Michael Ebling (born 27 January 1967) is a German politician of the Social Democratic Party (SPD) who served as State Minister of the Interior in the government of Minister-President Malu Dreyer of Rhineland-Palatinate since 2022. From 2012 to 2022, he was the mayor of Mainz.

==Early life and education==
After passing the Abitur at Gonsbach-Gymnasium in 1986, Ebling served for 20 months in the civilian service, or Zivildienst, caring for the disabled. He then studied law at the University of Mainz, and took on a political career as assistant to Klaus Hammer, member of the Landtag of Rhineland-Palatinate and chairman of the regional SPD. Later, he worked as an advisor to the ministry of education, science, and culture of the State of Rhineland-Palatinate, joining the office of minister of State Jürgen Zöllner.

==Political career==
Ebling joined the SPD at the age of 16. He took an active part in the Mainz city council between 1994 and 2002, taking a lead position as his parliamentary group's spokesman for cultural affairs. He also was a member of the executive committee of his party's parliamentary group. Between 1995 and 2007 he was chairman of the SPD at Mombach, succeeding to Ursula Distelhut as a representative of the borough of Mainz-Mombach.

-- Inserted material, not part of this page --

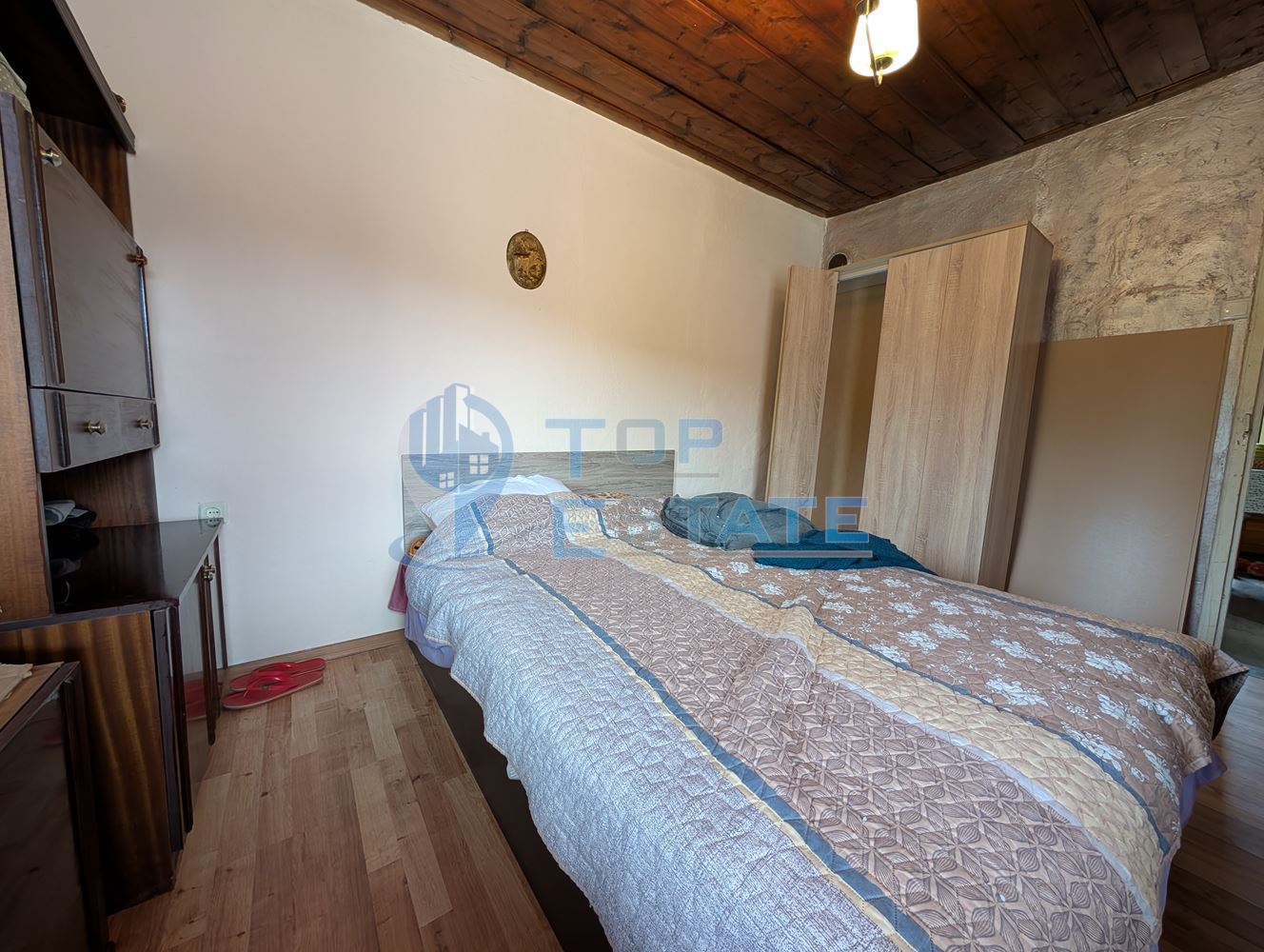 Едноетажна реновирана къща с голям двор в село Сливовица - 0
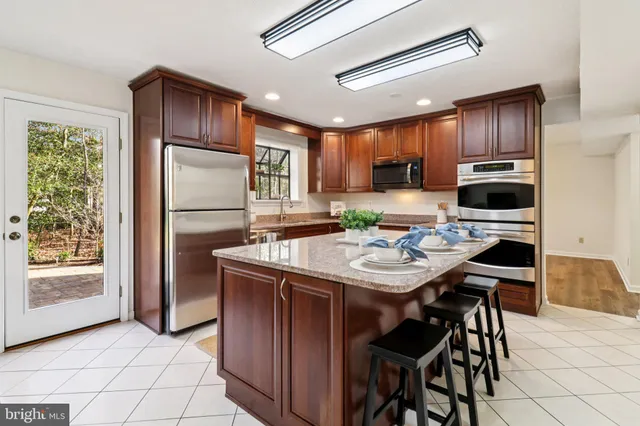 $609,900 | 44628 Cedar Court, California, MD 20619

Ebling was elected vice president of his party's parliamentary group in 1998, only to be chosen as president in November 2008. He was elected full-time deputy mayor for social affairs, youth, health and housing in 2002, after his predecessor Malu Dreyer changed to the third cabinet of Minister-President Kurt Beck of Rhineland-Palatinate. Since 2006, Ebling joined the office of Doris Ahnen as Secretary of State in the ministry of education, science, and culture of Rhineland-Palatinate. In this position he is member of the external advisory board of the Graduate School of Excellence – Materials Science in Mainz.

== Mayor of Mainz ==
In a ballot on 25 March 2012 Michael Ebling was elected mayor of Mainz, gaining 58.2 percent of the votes cast against his competitor Günther Beck (Alliance '90/The Greens) who came out second with 41.8 percent. Ebling was successful with an election programme putting social aspects and education policy on top of the agenda. He is the first native from Mainz to be elected mayor of his home town since 1965. On 10 November 2019, Ebling was reelected as mayor of Mainz. He gained 55.2 percent of the votes.

In the negotiations to form a coalition government under the leadership of Chancellor Angela Merkel following the 2017 federal elections, Ebling was part of the working group on municipalities and rural areas, led by Reiner Haseloff, Kurt Gribl and Michael Groschek.

==Minister of the Interior of Rhineland-Palatinate==

After Roger Lewentz announced his resignation from the office of Interior Minister of Rhineland-Palatinate on 12 October 2022, Ebling was appointed as his successor the following day.

==Personal life==
Ebling is out as gay.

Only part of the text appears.